Community buy-in strengthens support for waste facilities

Support for local waste facilities increases when community buy-in is offered and is even stronger when the buy-in is a personal benefit such as a discount on energy bills.

That is one of the headline conclusions in Public attitudes to community buy-in for waste and resource infrastructure, a new report launched at the RWM exhibition this week.

Commissioned by Ray Georgeson Resources on behalf of Sita UK, and carried out by GfK NOP, the project drew on research in England that assessed and quantified public views about community buy-in for waste infrastructure.

Drawing on the report's conclusions, Ray Georgeson, director of Ray Georgeson Resources, offered three policy recommendations.

He said that while the study had gleaned public support for incentives such as energy bill and council tax discounts, further, more detailed, research was needed to establish the appropriate levels of community buy-in incentives and qualification through proximity to a facility.

Georgeson added that where a utility discount approach to community buy-in was on the table, the incentive should be retained with the property and not the property owner or tenant at the time the plant is developed.

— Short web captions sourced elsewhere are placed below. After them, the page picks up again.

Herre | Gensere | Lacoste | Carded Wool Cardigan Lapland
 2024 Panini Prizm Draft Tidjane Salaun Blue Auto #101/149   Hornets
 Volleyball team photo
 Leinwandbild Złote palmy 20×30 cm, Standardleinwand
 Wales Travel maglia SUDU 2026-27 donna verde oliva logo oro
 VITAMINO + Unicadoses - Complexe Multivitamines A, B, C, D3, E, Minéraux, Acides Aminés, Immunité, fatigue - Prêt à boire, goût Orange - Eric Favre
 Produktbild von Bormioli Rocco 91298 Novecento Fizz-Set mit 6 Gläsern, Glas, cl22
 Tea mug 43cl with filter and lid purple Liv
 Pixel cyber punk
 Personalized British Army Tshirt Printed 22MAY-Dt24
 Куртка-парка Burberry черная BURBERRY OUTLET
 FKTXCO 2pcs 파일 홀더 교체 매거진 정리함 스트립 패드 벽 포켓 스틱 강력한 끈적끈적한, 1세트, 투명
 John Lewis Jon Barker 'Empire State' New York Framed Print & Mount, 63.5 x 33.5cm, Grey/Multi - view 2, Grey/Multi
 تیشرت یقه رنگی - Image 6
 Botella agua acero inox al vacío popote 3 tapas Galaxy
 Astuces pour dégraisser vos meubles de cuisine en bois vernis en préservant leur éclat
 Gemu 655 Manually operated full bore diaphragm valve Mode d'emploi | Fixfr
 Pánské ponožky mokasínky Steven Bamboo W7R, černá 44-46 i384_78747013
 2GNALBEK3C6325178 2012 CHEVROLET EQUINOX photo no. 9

He also stressed the importance of early public engagement by the local authority involved in developing a facility, particularly on the principle and detail of community buy-in.

"I think leaving the discussion about community buy-in and community support until you are down to the last two or three in the tender process is the wrong way to do it," he warned.
"This should be about an honest acknowledgement of the need to compensate and acknowledge a perceived disamenity impact on a community in relation to a development and not try to hide it."

Georgeson told delegates that there was a degree of public scepticism around the ambition of developers and local government to recycle, reuse and prevent waste before building more disposal facilties.

He called on both to do more to establish a climate in which there was greater public acceptance of disposal, treatment and energy recovery facilities.